A couple of days elapsed, and then I was permitted to return to my own lonely rooms. And very dreary and desolate did they seem to me after the pleasant days I had spent, playing sick, with Mabel and the professor. I did try once or twice the effect of my spectacles on some of my friends, and always the result was astonishing. Once I put them on in church, and the minister, who had the reputation of being a very pious man, suddenly stood before me as a huge fox in gown and bands. His voice sounded like a sort of a bark, and his long snout opened and shut again in such a funny fashion that I came near laughing aloud. But, fortunately, I checked myself and looked for a moment at a couple of old maids in the pew opposite. And, whether you will believe me or not, they looked exactly like two dressed-up magpies, while the stout old gentleman next to them had the appearance of a sedate and pious turkey-cock. As he took out his handkerchief and blew his nose—I mean his bill—the laughter again came over me, and I had to stoop down in the pew and smother my merriment. An old chum of mine, who was a famous sportsman and a great favorite with the ladies, turned out to be a bull-dog, and as he adjusted his neck-tie and pulled up his collar around his thick, hairy neck, I had once more to hide my face in order to preserve my gravity.
I am afraid, if I had gone on with my observations, I should have lost my faith in many a man and woman whom I had previously trusted and admired, for they were probably not all as good and amiable as they appeared. However, I could not help asking myself, as Mabel had done, what good such a knowledge would, in the end, do me. Was it not better to believe everybody good, until convinced to the contrary, than to distrust everybody and by my suspicion do injustice to those who were really better than they seemed? After all, I thought, these spectacles are making me morbid and suspicious; they are a dangerous and useless thing to possess. I will return them to their real owner.
This, then, was my determination. A little before sunset I started for the gorge, and on my way I met a little girl playing with pebbles at the roadside. My curiosity once more possessed me. I put on the gnome's spectacles and gazed intently at the child. Strange to say no transformation occurred. I took off the glasses, rubbed them with my handkerchief, and put them on once more. The child still remained what it seemed—a child; not a feature was changed. Here, then, was really a creature that was neither more nor less than it seemed. For some inconceivable reason the tears started to my eyes; I took the little girl up in my arms and kissed her. My thoughts then naturally turned to Mabel; I knew in the depth of my heart that she, too, would have remained unchanged. What could she be that was better than her own sweet self—the pure, the beautiful, the blessed Mabel?
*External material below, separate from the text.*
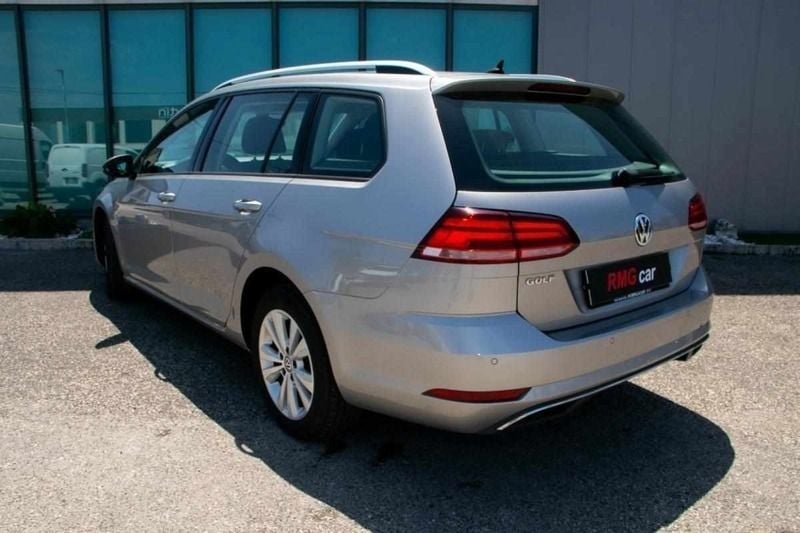 Usado VW Golf VII 116 HP (85 kW) 2017 Cinzento (metalizada) Carrinha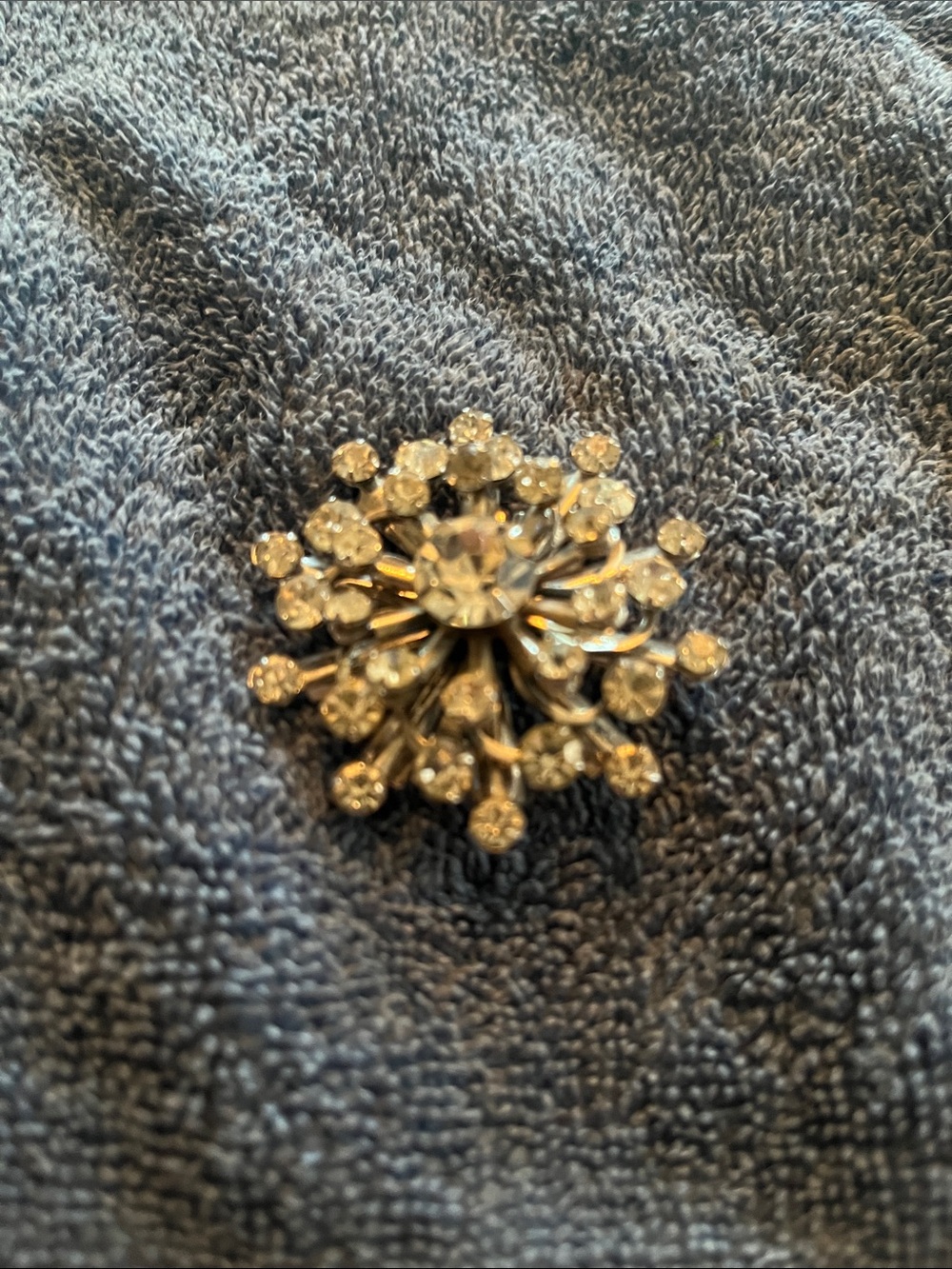 Vintage Gold and Clear Crystal Floral Burst Brooch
When the sun was well set, I sat down under the same hemlock-tree where I had first met the gnome. After half an hour's waiting I again saw the lights advancing over the ground, struck at random at one of them and the small man was once more visible. I did not seize his cap, however, but addressed him in this manner:
"Do you know, you curious Old World sprite, what scrapes your detestable spectacles brought me into? Here they are. Take them back. I don't want to see them again as long as I live."
In the next moment I saw the precious glasses in the gnome's hand, a broad, malicious grin distorted his features, and before I could say another word, he had snatched up his cap and vanished.
A few days later, Mabel, with her sweet-brier dress on, was again walking at my side along the stream in the gorge, and somehow our footsteps led us to the old willow-tree where we had had out talk about the German gnomes and fairies.
"Suppose, Jamie," said Mabel, as we seated ourselves on the grass, "that a good fairy should come to you and tell you that your highest wish should be fulfilled. What would you then ask?"
"I would ask," cried I, seizing Mabel's hand "that she would give me a good little wife, with blue eyes and golden hair, whose name should be Mabel."
Mabel blushed crimson and turned her face away from me to hide her confusion.
"You would not wish to see things as they are, then," whispered she, while the sweetest smile stole over her blushing face.
"Oh, no, no!" exclaimed I. "But what would you ask, Mabel?"
"I," answered she, "would ask the fairy to give me a husband who loved me well, if—if his name was—Jamie."
A little before supper-time we both stole on tip-toe into the professor's study. He was writing, as usual, and did not notice us. Mabel went up to his chair from behind and gently put her hands over his eyes, and asked if he could guess who it was. He, of course, guessed all the names he could think of, except the right one.
"Papa," said Mabel, at last, restoring to him once more the use of his eyes, "Jamie and I have something we want to tell you."
"And what is it, my dear?" asked the professor, turning round on his chair, and staring at us as if he expected something extraordinary.
"I don't want to say it aloud," said Mabel. "I want to whisper it."
"And I, too," echoed I.
And so we both put our mouths, one on each side, to the professor's ears, and whispered.
"But," exclaimed the old man, as soon as he could recover his breath, "you must bear in mind that life is not a play,—that—that life is not what it seems—"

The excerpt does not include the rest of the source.